Tag Archives: Jim Collins

I’m Back!

Hello again, it’s me. Back from my self-imposed or should I say self involved sabbatical.  I ran out of things to say there for a while (I find we all do that sometimes) and faced with reprinting other people’s material, re-treading my own, or clamming up I chose the latter for three months. I must admit some guilt every time I passed my computer on my way to watching football or playing my guitar, but never enough to actually sit down and write something.  So, here I am again, with a (hopefully) simple message.

Once upon a time I had a girlfriend who told me about how her father got hit by a trolley car when he was a kid.  Obviously, he was OK as he grew up to father children, but the story goes like this:  he and his mother had just come from the shoe store where he had gotten a new pair of shoes.  He was enthralled by how shiny they were and kept looking down at them.  His mother implored him to  pay less attention to his new shoes and more attention to where he was walking.
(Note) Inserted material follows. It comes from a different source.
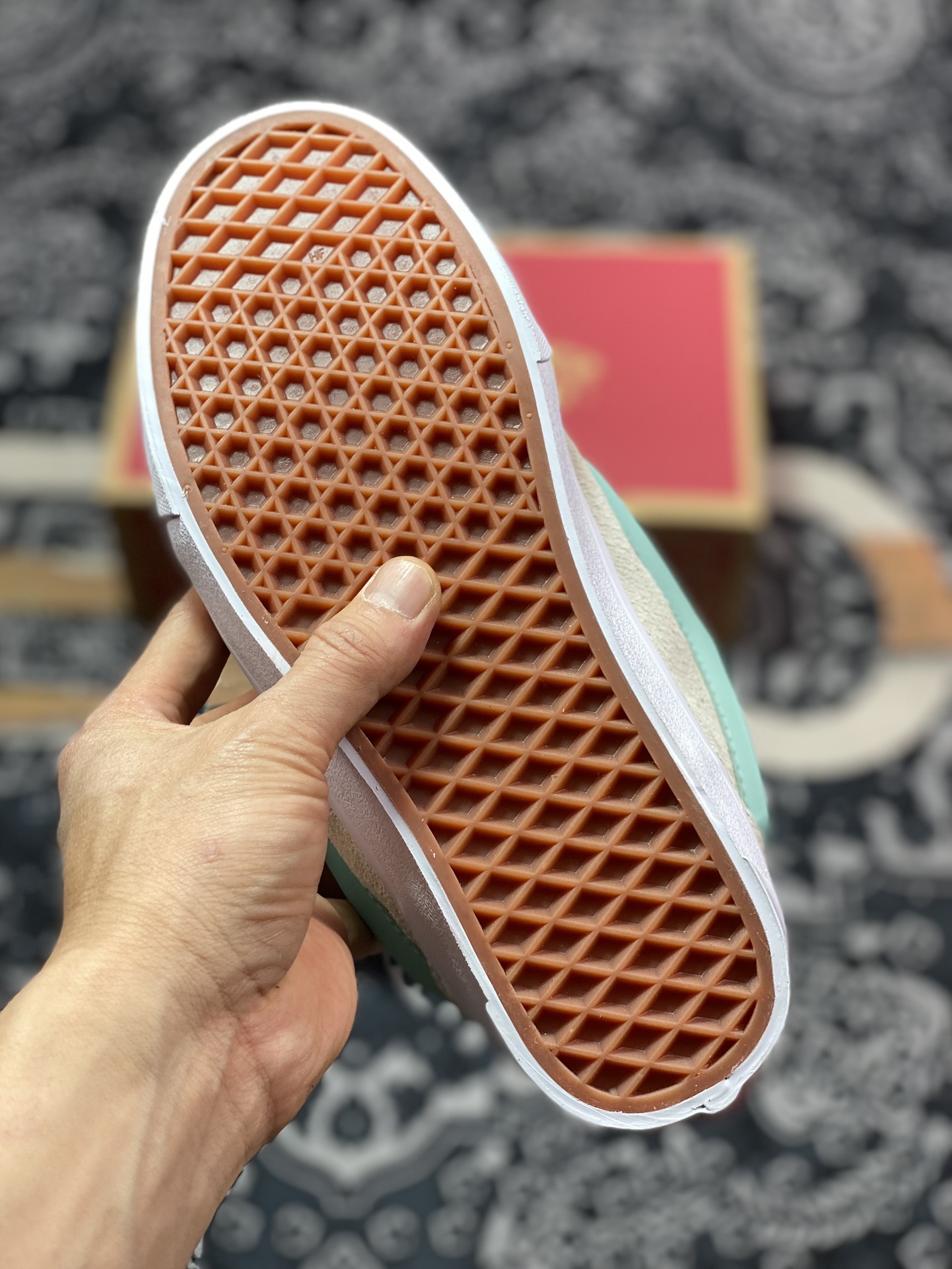 150   Vans Classics Knu Skool 米白薄荷绿 厚鞋舌面包鞋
They came to a busy street corner, he stepped off the curb whilst looking at his shoes and …. well you know the rest, he got hit by a trolley car.

Why do I bring this up now? WPA, the company I started with a great group of intrepid and committed people just celebrated its 1 year anniversary.  The enterprise is going gangbusters and dare I say, is more successful in one year of operation than my previous company was in ten years. I could attribute this to any number of factors and there are a lot at work here.  But, when it comes right down to it, it’s about the people involved.  They all have vision, commitment and ambition, both personal and collective. As a group, we’ve flourished.
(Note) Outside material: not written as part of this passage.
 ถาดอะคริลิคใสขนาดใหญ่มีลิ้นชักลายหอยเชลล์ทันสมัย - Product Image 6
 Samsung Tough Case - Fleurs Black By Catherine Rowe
There have been challenges for sure. There was and still is a learning curve of how to work together for the common good. There have been control issues (mostly mine) and the fits and starts of implementing a new and innovative team system of representation and corporate culture. I’m very proud of everyone involved and what we’ve accomplished together.
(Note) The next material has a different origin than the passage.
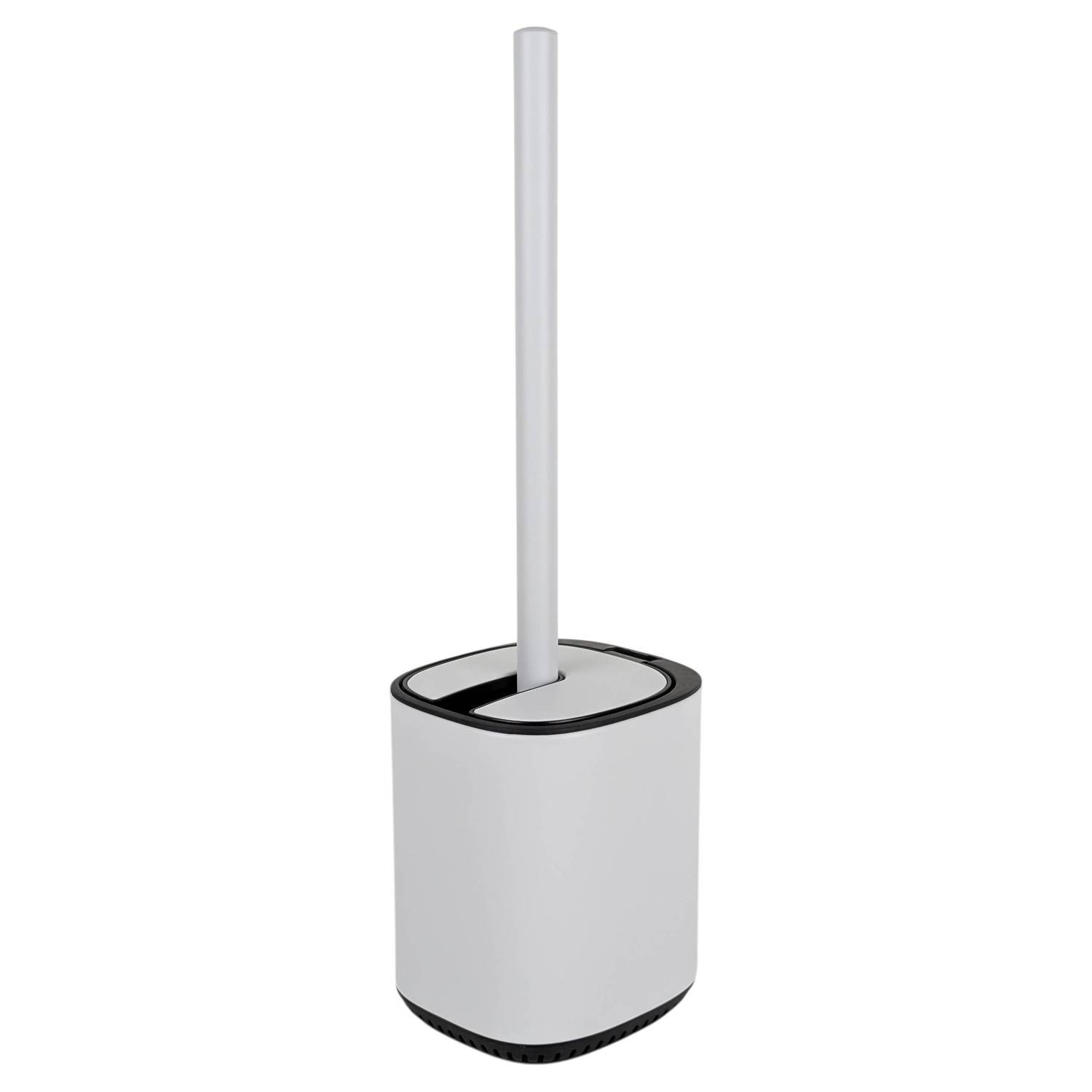 BAX73751_01 Cepillo Para Inodoro Bathlux - Con Tapa, Blanco Grisáceo - Imagen 1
What does this have to do with shiny new shoes?  Only everything. It would be so easy to sit back, look at what we’ve done and be delighted.  But, to keep staring at the glow of our shiny shoes would be to invite a trolley car to run us over.  So, instead we are looking ahead.

“Yesterday’s home runs won’t help you win today” – Babe Ruth

Too true. As we start to plot a course for 2012, we’re asking ourselves a lot of questions. What were the successes and why?  Where did we fall down and why? Both sets are tough to answer, but are equally important.  I personally have been taking a lot of time to plot goals and strategy.  Here’s what I have found: I’ve been very bad in the past at plotting goals and strategy. Here’s why:  I haven’t ever spent enough time doing it.  I’ve always just sat down and written it out, then moved on.  This time, I’m writing, considering, coming back to it a few days later, suddenly adding insight when I have an inspiration.  It’s been a process of several weeks now and I can tell I’m not done yet.

Setting goals are one thing. Adding a detailed strategy to achieve them is quite another. I just read “Great By Choice” by Jim Collins and Morten T. Hansen. I found it to be a fantastic system of goal setting and strategy.  The basic techniques are: set your goal, figure out how you’re going to get there with a SMaC recipe. These are actions to be taken that are Specific, Methodical and Consistent (SMaC) and are then formed into what they call a “twenty mile march.” A march you do day in, day out, week by week, year by year.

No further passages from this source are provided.